Friday, March 27, 2015

Emerging from the Darkest Depths of the Abyss

Hello, guys!

I've been gone for awhile. Yeah, I know. I'm sure you've all missed me tons and bunches which is totally cool. -insert sarcasm here- Haha. I kid.

I don't even remember what I was planning on doing with this blog nor do I remember what I was doing with my actual Tumblr blog. A lot of things happened and a lot of personal growth and discovery occurred as well.

I needed some much needed time away from dedicating my time to something like this and now I'm here, full swing again (or I'll try to be).

So! Some updates here....

I may be repeating some things, but here it goes:

I am STILL in college. Woo! Last semester was super, super freaking terrible. It wasn't because I didn't do a good job, it's because my disability services that were supposed to be there for support were not. Long story short, they totally screwed me over and I just had a meeting with the Vice Chancellor of the school to rectify this situation. Let me tell you... Having POTS and anxiety together with a situation THIS big is freaking terrifying. I felt like I was going to pass out but I did it and that's what matters.

Staying on this subject slightly, I've made the realization that people are not going to understand POTS sometimes and sometimes those people are the ones who are supposed to be the support in your life. When you suffer from invisible illness (and those of you reading this who do can probably sympathize), you have a lot of people who don't take you seriously. I've read about it but only just recently started to experience it.

However, I'm a stubborn b**** when I want to be and I will not back down without a fight. Hard work and dedication is what counts here!

But I digress....

I'm on academic probation currently because of this situation and I'm incredibly angry. It's resulted in a whirlwind of depression and low self respect because I didn't think I was good enough even though I'm an A and B student and this wasn't even my fault.

I had said before that I wouldn't let myself get as low as I was and I'm not ashamed to admit that it did happen again. I've realized that we all have our moments of weakness and it's the way we handle them that makes us strong.
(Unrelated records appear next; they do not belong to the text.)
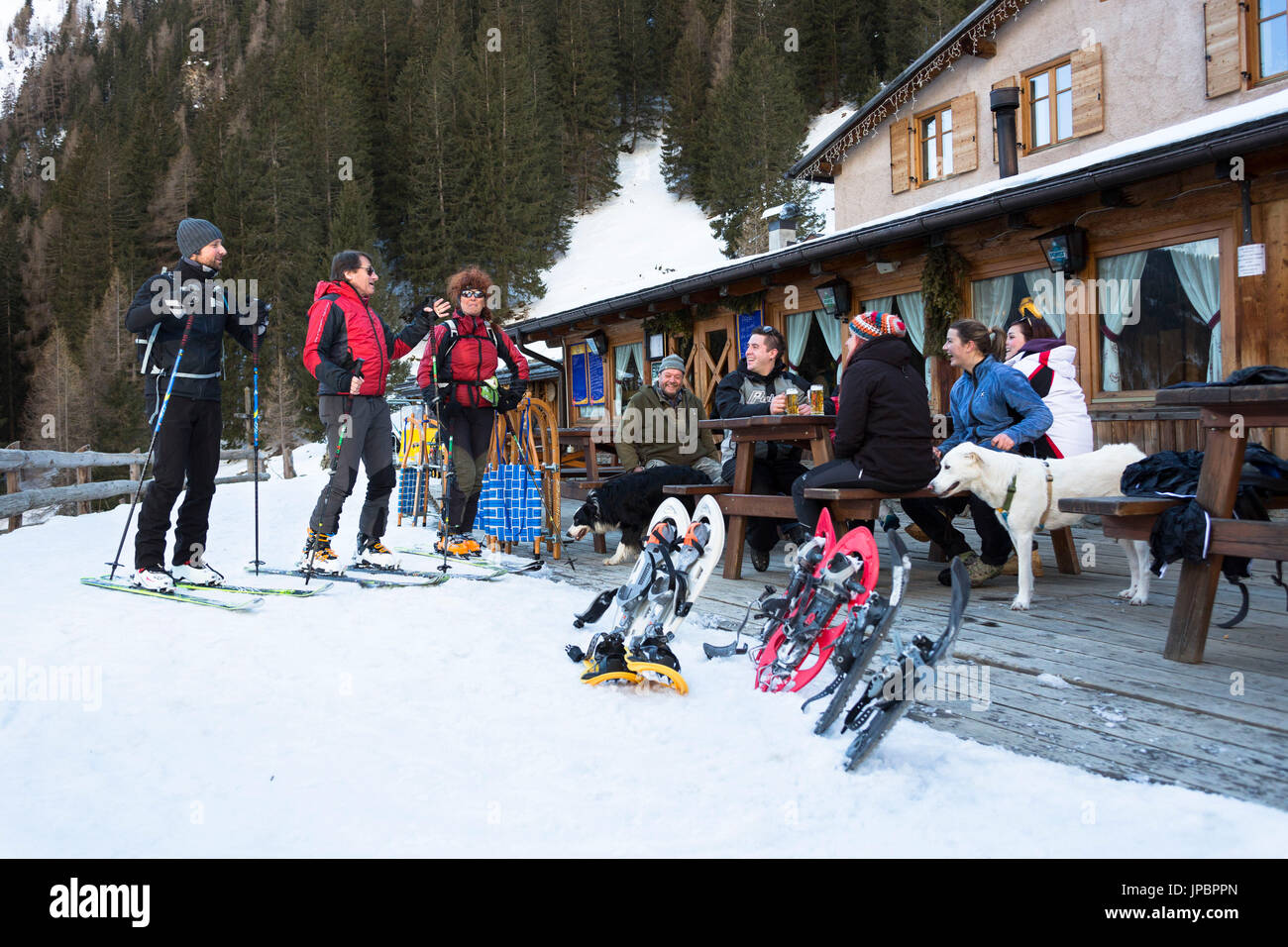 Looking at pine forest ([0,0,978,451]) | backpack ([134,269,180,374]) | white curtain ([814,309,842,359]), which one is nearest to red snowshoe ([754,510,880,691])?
backpack ([134,269,180,374])

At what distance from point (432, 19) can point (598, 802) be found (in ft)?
185

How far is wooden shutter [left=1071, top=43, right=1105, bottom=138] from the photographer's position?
1147 centimetres

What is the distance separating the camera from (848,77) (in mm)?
46531

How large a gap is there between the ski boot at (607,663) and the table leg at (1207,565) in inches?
75.4

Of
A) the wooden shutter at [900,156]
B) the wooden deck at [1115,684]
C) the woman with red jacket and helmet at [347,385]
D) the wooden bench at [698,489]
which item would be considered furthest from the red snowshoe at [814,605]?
the wooden shutter at [900,156]

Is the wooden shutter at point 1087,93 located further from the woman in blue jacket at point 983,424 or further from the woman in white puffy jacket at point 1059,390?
the woman in blue jacket at point 983,424

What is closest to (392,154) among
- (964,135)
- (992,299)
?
(964,135)

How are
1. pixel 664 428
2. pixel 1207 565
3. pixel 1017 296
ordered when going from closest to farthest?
pixel 1207 565 → pixel 664 428 → pixel 1017 296

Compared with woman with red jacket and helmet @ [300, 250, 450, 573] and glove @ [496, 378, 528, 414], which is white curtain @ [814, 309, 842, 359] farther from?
woman with red jacket and helmet @ [300, 250, 450, 573]

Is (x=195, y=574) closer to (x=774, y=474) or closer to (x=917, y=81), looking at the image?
(x=774, y=474)

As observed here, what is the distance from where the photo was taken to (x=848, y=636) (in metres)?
Answer: 2.54

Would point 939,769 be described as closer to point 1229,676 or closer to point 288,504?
point 1229,676

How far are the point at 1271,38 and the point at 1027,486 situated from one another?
29.0 feet

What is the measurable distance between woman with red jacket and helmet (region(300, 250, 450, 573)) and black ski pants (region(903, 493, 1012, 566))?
3126mm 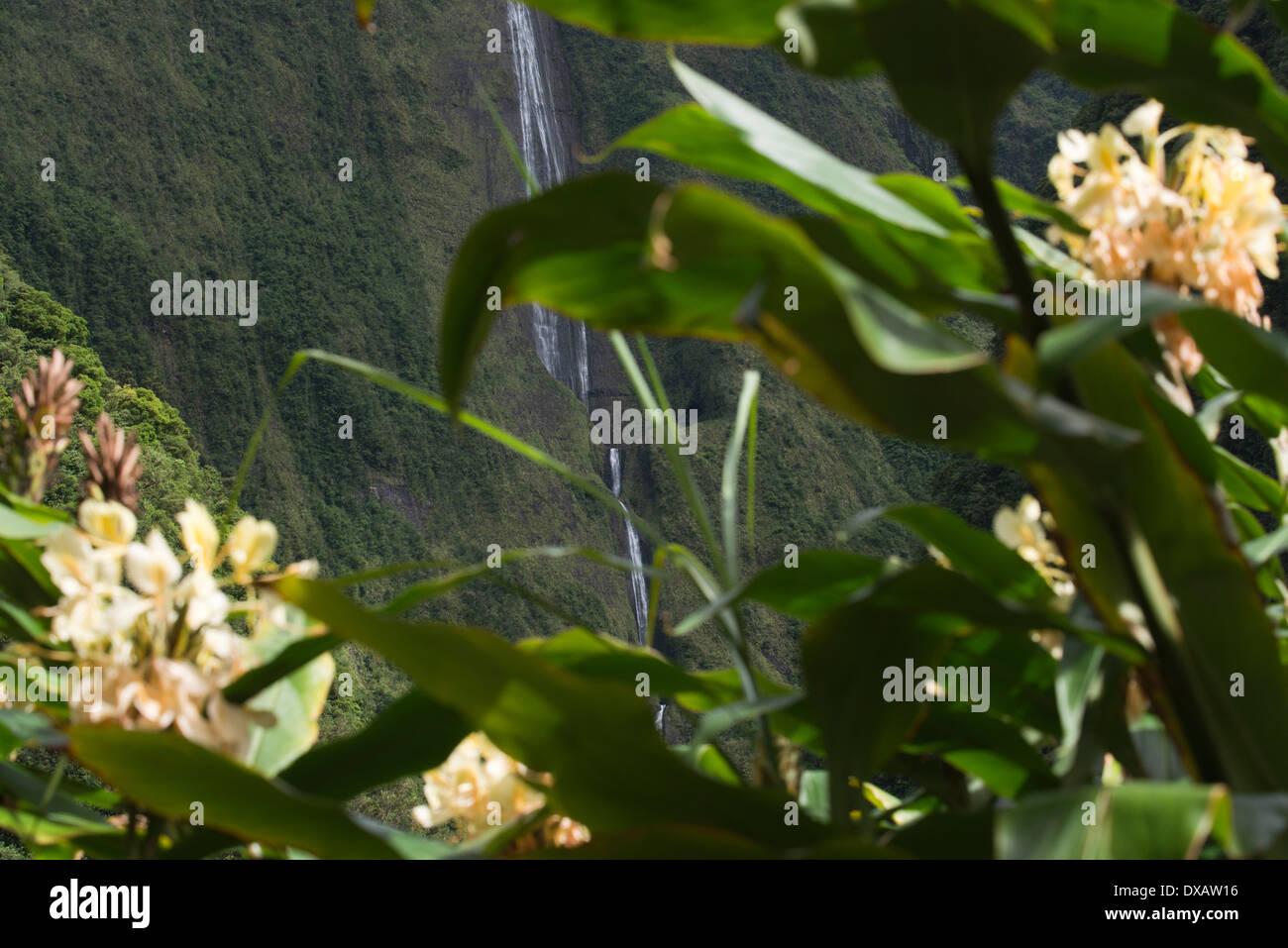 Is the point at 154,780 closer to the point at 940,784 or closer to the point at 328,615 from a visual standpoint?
the point at 328,615

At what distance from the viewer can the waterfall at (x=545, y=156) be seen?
1759 centimetres


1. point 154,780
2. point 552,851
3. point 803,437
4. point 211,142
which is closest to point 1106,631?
point 552,851

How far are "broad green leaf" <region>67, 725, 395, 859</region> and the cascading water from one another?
1635 centimetres

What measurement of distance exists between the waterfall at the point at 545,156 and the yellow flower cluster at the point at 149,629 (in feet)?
53.3

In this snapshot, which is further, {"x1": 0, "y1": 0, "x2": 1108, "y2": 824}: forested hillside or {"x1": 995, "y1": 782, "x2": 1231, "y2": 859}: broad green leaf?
{"x1": 0, "y1": 0, "x2": 1108, "y2": 824}: forested hillside

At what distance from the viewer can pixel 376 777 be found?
0.40m

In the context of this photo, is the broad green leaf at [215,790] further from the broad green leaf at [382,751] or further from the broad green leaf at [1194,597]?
the broad green leaf at [1194,597]

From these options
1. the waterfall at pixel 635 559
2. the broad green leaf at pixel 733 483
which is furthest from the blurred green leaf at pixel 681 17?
the waterfall at pixel 635 559

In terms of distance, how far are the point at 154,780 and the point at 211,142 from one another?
23.3 meters

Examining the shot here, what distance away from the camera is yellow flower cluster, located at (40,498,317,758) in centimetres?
35

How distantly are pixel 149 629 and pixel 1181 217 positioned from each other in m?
0.48

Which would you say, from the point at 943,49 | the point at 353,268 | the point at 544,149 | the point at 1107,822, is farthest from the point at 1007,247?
the point at 353,268

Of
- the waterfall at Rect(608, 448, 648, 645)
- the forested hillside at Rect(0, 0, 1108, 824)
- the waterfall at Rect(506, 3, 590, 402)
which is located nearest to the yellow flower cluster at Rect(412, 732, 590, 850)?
the waterfall at Rect(608, 448, 648, 645)

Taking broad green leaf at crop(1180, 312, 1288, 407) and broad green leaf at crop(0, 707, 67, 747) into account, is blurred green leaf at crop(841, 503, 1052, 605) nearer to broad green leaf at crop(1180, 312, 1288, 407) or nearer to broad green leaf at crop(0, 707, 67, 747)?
broad green leaf at crop(1180, 312, 1288, 407) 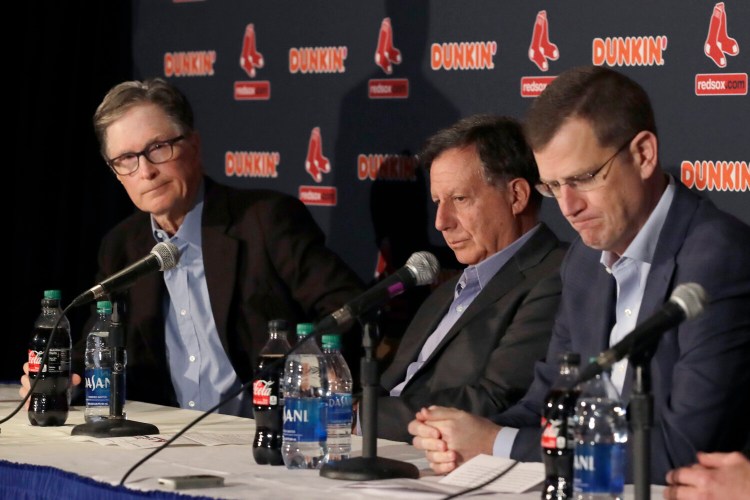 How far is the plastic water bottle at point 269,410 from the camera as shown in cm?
270

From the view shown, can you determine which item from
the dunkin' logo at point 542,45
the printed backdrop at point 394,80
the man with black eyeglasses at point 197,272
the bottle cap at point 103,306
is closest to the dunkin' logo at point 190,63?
the printed backdrop at point 394,80

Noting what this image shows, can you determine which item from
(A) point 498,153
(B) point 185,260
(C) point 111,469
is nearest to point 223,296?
(B) point 185,260

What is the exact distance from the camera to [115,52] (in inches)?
227

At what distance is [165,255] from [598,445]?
1.32 metres

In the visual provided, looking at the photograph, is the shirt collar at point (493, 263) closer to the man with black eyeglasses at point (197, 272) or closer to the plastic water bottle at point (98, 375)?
the man with black eyeglasses at point (197, 272)

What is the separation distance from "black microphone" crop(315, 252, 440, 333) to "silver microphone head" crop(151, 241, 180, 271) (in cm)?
70

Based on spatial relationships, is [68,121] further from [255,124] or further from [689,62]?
[689,62]

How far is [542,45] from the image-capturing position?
4.27 m

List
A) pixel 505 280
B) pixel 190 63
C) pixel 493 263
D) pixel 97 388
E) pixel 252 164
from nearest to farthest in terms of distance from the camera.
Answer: pixel 97 388 < pixel 505 280 < pixel 493 263 < pixel 252 164 < pixel 190 63

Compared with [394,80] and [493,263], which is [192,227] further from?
[493,263]

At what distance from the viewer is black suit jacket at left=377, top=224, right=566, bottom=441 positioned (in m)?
3.25

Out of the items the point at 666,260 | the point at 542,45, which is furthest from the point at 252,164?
the point at 666,260

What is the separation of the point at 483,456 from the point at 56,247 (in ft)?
11.2

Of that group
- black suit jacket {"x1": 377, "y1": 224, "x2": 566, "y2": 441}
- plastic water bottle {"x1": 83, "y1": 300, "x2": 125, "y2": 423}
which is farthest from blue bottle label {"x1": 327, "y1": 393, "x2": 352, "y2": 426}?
plastic water bottle {"x1": 83, "y1": 300, "x2": 125, "y2": 423}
I'm slowly getting there with feeling better about myself and I am happy to say I have an amazing support system with my family.

As for my living situation -- I still live on my own and it's amazing! We're making small steps to help me get more self sufficient. It seems like it may take awhile but I'm glad it's happening at all because I felt I wouldn't get there for awhile a few months back.

My roommate situation is not great, however. I'm not sure if I mentioned but fate really threw me a wrench with my first living situation. Dealing with a harassing roommate that resulted in my needing to talk with law enforcement twice was definitely not how I pictured my first true year of college.

But if we forget all of this and see past it... I am doing AMAZINGLY. 

I am really happy and I'm making strides towards graduating. I met with my advisor and we've determined I should be holding my diploma in my hand by the Spring of 2018. Yeah, I'm behind schedule but who cares? At least I'm HERE. I didn't think I would be when I first got diagnosed with POTS and Celiac Disease. I thought I'd continue to fail but I'm happy to say I should be off Academic Probation and that I should pass all my classes with at least a B.

I also turned 21 and that feels amazing as all heck. I'm running a student organization too, that I raised up from the ground last semester and I'm beyond pleased to say that we've got at least 13 steady members who continuously show up to meetings and we're growing even more. I'm doing so well and I couldn't be more pleased.

Sure, this may sound like bragging but it's not... I wanted to share all of this because I wanted to reach out to those of you who are suffering so that I can say:

IT GETS BETTER!!! *throws confetti* You WILL see a day that you feel better. Sometimes, it takes patience. It was a hard lesson for me to learn but now that I've seen how easily things can fall into place, I know that I just have to try to take things one step at a time. 

You are strong, you are beautiful, you are an incredible human being and you WILL make it through this and that is what I've decided to do with my Tumblr and POTS blog. I will be here every step of the way, sharing my experiences so that you know you are not alone. I am here for you.

Thank you and I hope you all are well. It's great to be back!